Crime Prevention Tips

Tonbridge & and Malling is a low crime area but there are still things that you can do to make sure that you feel safe and that will protect yourself and your property. The tips below are from advice given by the Home Office and Kent Police.


Spring security advice

As spring approaches the number of shed break-ins can increase. Items such as lawnmowers, bicycles, golf clubs, fishing tackle and power tools can all be kept insecurely in sheds and these can all be easy pickings for thieves to target.

The tips below can help to prevent you from becoming a victim of this crime.

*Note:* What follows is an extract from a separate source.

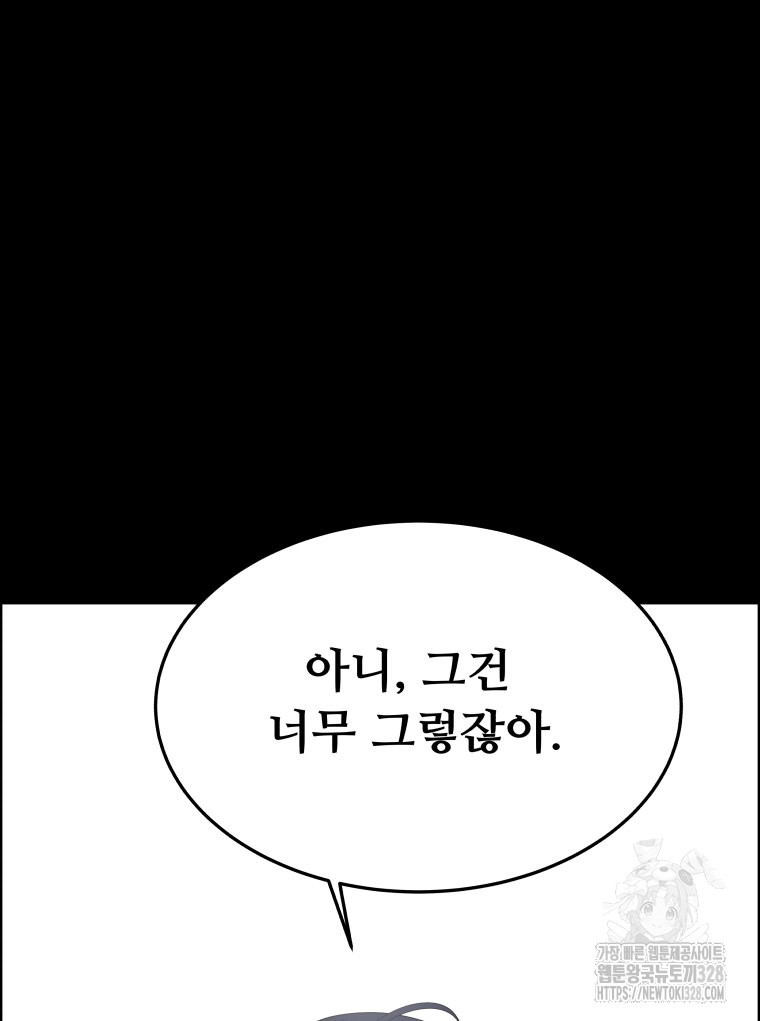 류나 16화 37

  • Install a shed alarm, with a notice displayed to warn thieves that it is not worth the effort of breaking in. The alarms are easy to install and can be purchased at most DIY stores.
  • Make sure the door is securely locked at all times.
  • Ensure all valuable property is marked with your postcode. Post coding property makes your belongings very unattractive to a thief by making items easily identifiable and difficult to sell.
  • Lock up pedal cycles. Use bike locks and chain them inside to other large items or to the shed.
  • Keep a record of the make, model and ID numbers of bicyles and all other equipment and take photographs of unusual items.
  • Check your household insurance policy to ensure that the value of things stored inside is covered by your contents' policy.

Autumn security advice

Homes left unoccupied during the darker evening of autumn and winter can become more vulnerable. However, there are precautions that you can take to make your home more secure.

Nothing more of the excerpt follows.